Such are the bye-laws of this remarkable institution.
Few except the very rich are so under-worked that two or three days of
change and rest are not at times a boon to them, while the mere knowledge
that there is a place where repose can be had cheaply and pleasantly is
itself a source of strength. Here, so long as the visitor wishes to be
merely housed, no questions are asked; no one is refused admittance,
except for some obviously sufficient reason; it is like getting a reading
ticket for the British Museum, there is practically but one test--that is
to say, desire on the part of the visitor--the coming proves the desire,
and this suffices.
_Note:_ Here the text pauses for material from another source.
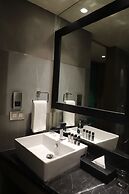 THE CRUZE PREMIUM BOUTIQUE HOTEL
A family, we will say, has just gathered its first
harvest; the heat on the plains is intense, and the malaria from the rice-
grounds little less than pestilential; what, then, can be nicer than to
lock up the house and go for three days to the bracing mountain air of
Oropa? So at daybreak off they all start trudging, it may be, their
thirty or forty miles, and reaching Oropa by nightfall. If there is a
weakly one among them, some arrangement is sure to be practicable whereby
he or she can be helped to follow more leisurely, and can remain longer
at the hospice. Once arrived, they generally, it is true, go the round
of the chapels, and make some slight show of pilgrimage, but the main
part of their time is spent in doing absolutely nothing.